Bug didn’t answer. Caine waited but Bug still couldn’t say it out loud.

“Do what you gotta do,” Caine said.

“We can’t get at him. He didn’t just die. He got in the car, right? The green one?”

Caine shook his head, trying to wake up all the way, trying to make the trip back to full consciousness. But the layers of dream and nightmare, and memory too, dragged at him, confused his brain.

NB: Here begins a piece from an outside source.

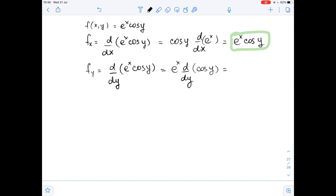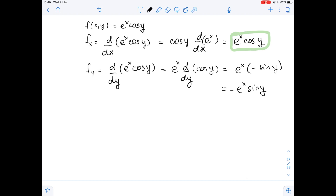The derivative of cosine of y with respect to y is negative sine of y. So, fy equals negative e to the power of x times sine of y. This is the first order partial derivative with respect to y.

“There’s no gas in that car,” Caine said.

“He pushed it. Till it got rolling.” Bug said. “Then he jumped in. It rolled on down the road. Until he got to the bend.”

“There’s a railing there,” Caine said.

“He went through it. Crash. Bumpety-bump all the way down. It’s a long way down. Me and Penny just climbed down, so I know it’s a long way down.”

Caine wanted this to stop. He didn’t want to have to hear the next part. Panda had been okay. Not a horrible kid. Not like some of Caine’s few remaining followers.

Maybe that explained why he would drive a car off a cliff.

“Anyway, he’s totally dead,” Bug said. “Me and Penny got him out. But we can’t get him up the cliff.”

Caine got to his feet. Legs shaky, stomach like a black hole, mind filled with darkness. “Show me,” he said.

They walked out into the night. Feet crunched on gravel now interrupted by tall weeds. Poor old Coates academy, Caine thought. It had always been so meticulously maintained back in the old days. The headmaster would definitely not have approved of the big blast hole in the front of the building, or the garbage strewn here and there in the overgrown grass.

It wasn’t a long walk. Caine did not speak. He used Bug sometimes, Bug was useful. But the little creep was not exactly a friend.

In the pearly starlight it was easy to see where the railing had been ripped apart. It was like a steel ribbon, cut then left half-curled, dangling over the side.

Caine peered through the darkness. He could see the car. It was upside down. One door was open.

It took a few minutes for him to locate the body.

Caine sighed and raised his hands. It was near the limits of his range, so Panda didn’t come flying up off the ground. He sort of scuffed and scooted along at first. Like an invisible predator was hauling him away to its lair.

But then Caine got a better “grip” and Panda rose off the ground. He was on his back, staring up at the unreal stars, eyes still open.

Caine levitated the boy up from the crash, up and up until he brought him to as gentle a stop as he could. Panda lay now on the road.

Without a word Caine started walking back to Coates.

“Aren’t you going to carry him back?” Bug whined.

“Get a wheelbarrow,” Caine said. “Carry your own meat.”